An FO document structure is a tree, like any other XML document. Every element in it is a formatting object, so we call it an FO tree. The root of this tree is a root element. Its children include:

layout-master-set

This element contains page layout descriptions.

declarations

Optional, this element contains global settings that will affect overall formatting.

page-sequence

One or more of these elements contain flow objects that hold the content of the document.

In the coming sections, I will break down this structure further, starting with page layout. From there, we will move to flows, blocks, and finally inlines.

8.4.1 Page Layout

Contained in the layout-master-set object are specifications for pagination and layout. There are two types. page-masters define properties of a page type: its geometry and how it is subdivided. page-sequence-masters control how page types will appear in sequence.

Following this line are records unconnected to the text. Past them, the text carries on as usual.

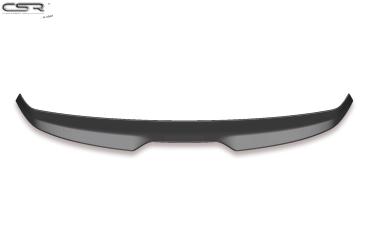CSR Heckspoiler | Heckflügel mit ABE für VW Golf 7 Variant HF650-C Carbon Look glänzend (keine Lackierung erforderlich)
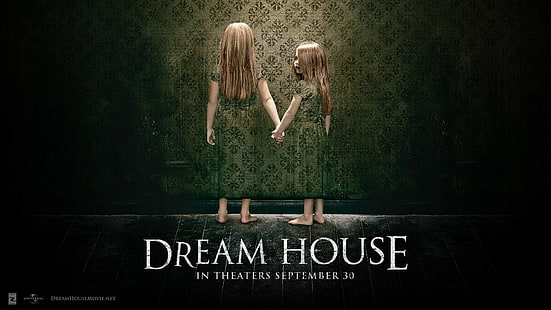 movies dream house, HD wallpaper HD wallpaper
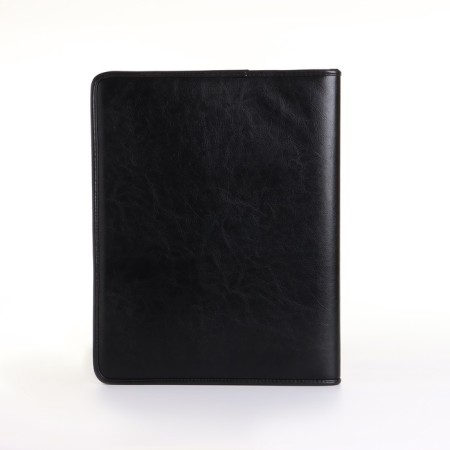Folder for documents, "Alex", A4, Black Color-1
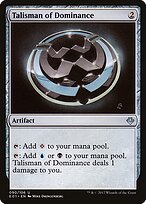 Talisman of Dominance #90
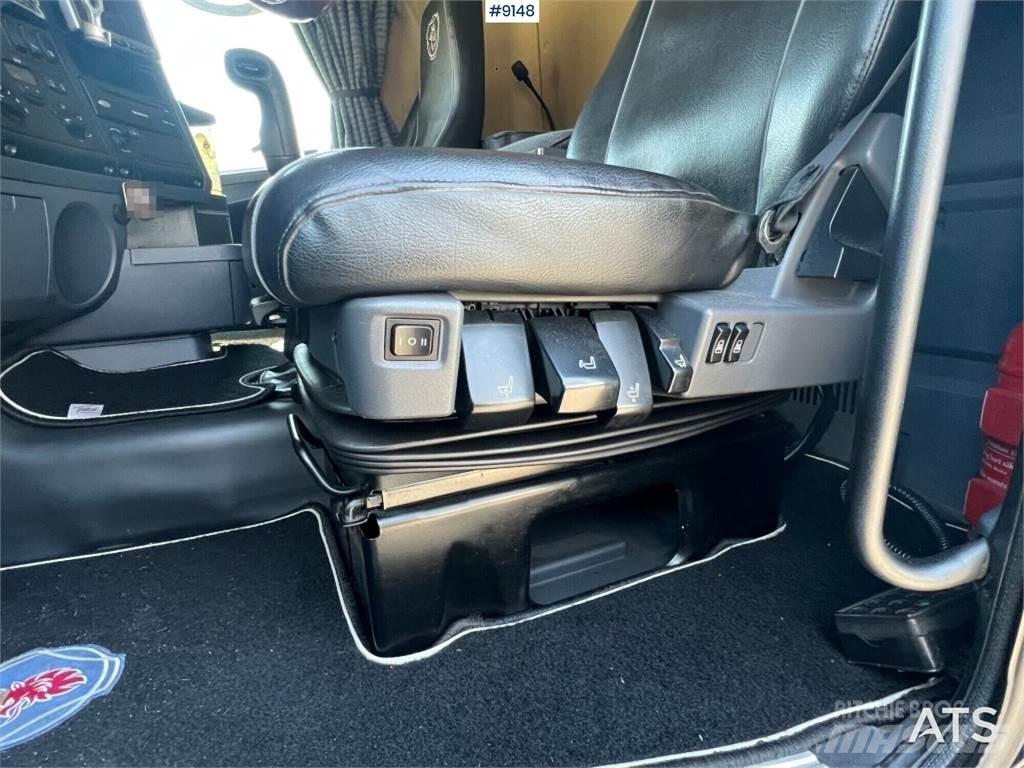 Scania R500LA6X2MNA Trækkere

When the formatter formats pages, it will take the content inside the flow object children of the page-sequence objects and fit it into pages. The shape of the formatted text in a page is determined by the relevent page-master's specifications. Which page-master will be used depends on the page-sequence-master and which pages have come before.

8.4.1.1 Page sequence masters

page-sequence-master objects contain pieces of the page sequence, or sub-sequence specifiers. The simplest kind is a reference to a single page master, represented as a single-page-master-reference object. For example:

<fo:layout-master-set>
  <fo:page-sequence-master>
    <fo:single-page-master-reference master-reference="basic"/>
  </fo:page-sequence-master>
  <fo:simple-page-master master-name="basic">
    <!-- ... -->
  </fo:simple-page-master>
</fo:layout-master-set>

This defines a sequence of exactly one page. It is not very useful by itself unless your whole document fits in one page. Often you may want to define a standalone sequence to handle a special kind of page layout, such as a landscape mode table.

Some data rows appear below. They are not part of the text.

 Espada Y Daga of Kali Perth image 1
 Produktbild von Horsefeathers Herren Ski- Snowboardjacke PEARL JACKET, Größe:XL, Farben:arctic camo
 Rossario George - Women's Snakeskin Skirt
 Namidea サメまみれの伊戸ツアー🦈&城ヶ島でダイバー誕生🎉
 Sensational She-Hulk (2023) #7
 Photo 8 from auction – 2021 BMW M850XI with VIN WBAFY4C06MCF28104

Another sub-sequence specifier is repeatable-page-master-reference. It is like single-page-master-reference except that it can repeat by setting the attribute maximum-repeats to a number or no-limit. In this example, the basic page master will be applied to all pages in the document:

<fo:layout-master-set>
  <fo:page-sequence-master>
    <fo:repeatable-page-master-reference 
      maximum-repeats="no-limit"
      master-reference="basic"/>
  </fo:page-sequence-master>
  <fo:simple-page-master master-name="basic">
    <!-- ... -->
  </fo:simple-page-master>
</fo:layout-master-set>

Since this is a common occurrence in simple designs, you can leave out the single-page-master-reference, which will imply the simplest possible sequence, that of using one page master throughout.

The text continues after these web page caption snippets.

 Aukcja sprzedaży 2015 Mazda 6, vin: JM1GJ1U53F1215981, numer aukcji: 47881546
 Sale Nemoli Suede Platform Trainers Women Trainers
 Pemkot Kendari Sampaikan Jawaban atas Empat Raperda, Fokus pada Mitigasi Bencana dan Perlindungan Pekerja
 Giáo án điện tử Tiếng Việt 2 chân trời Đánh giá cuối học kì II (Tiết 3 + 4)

The last and most complex type is repeatable-page-master-alternatives. It defines a set of page master references with conditions for use. For example, you might want to have a differentiate between odd-numbered (recto) and even-numbered (verso) pages. You can accomplish that effect with this page sequence:

<fo:layout-master-set>
  <fo:page-sequence-master>
    <fo:repeatable-page-master-alternatives>
      <fo:conditional-page-master-reference 
        odd-or-even="even"
        master-reference="verso"/>
      <fo:conditional-page-master-reference 
        odd-or-even="odd"
        master-reference="recto"/>
    </fo:repeatable-page-master-alternatives>
  </fo:page-sequence-master>
  <fo:simple-page-master master-name="verso">
    <!-- ... -->
  </fo:simple-page-master>
  <fo:simple-page-master master-name="recto">
    <!-- ... -->
  </fo:simple-page-master>
</fo:layout-master-set>

The conditional-page-master-reference object is similar to single-page-master-reference except that it has to fulfill a precondition to be used. The odd-or-even attribute is one such test. Others include blank-or-not-blank and page-position.

8.4.1.2 Page masters

A page master defines the content rectangle for a page and how the rectangle is divided into regions. The one page master object in XSL version 1.0 is simple-page-master (its name suggests that other page master types will be added in future versions of XSL). Its master-name attribute is a handle for page sequence masters to reference. Other attributes include space settings for defining the page's content rectangle. For example:

<fo:simple-page-master master-name="title-page"
    page-height="11in" page-width="8.5in"
    margin-top="1in" margin-bottom="1in"
    margin-left="1.2in" margin-right="1.2in">
...</fo:simple-page-master>

This FO declares a page master type whose name is title-page. Its height and width are 11 inches and 8.5 inches, respectively. The content rectangle is positioned inside that area, one inch from top and bottom, and 1.2 inches from the left and right sides.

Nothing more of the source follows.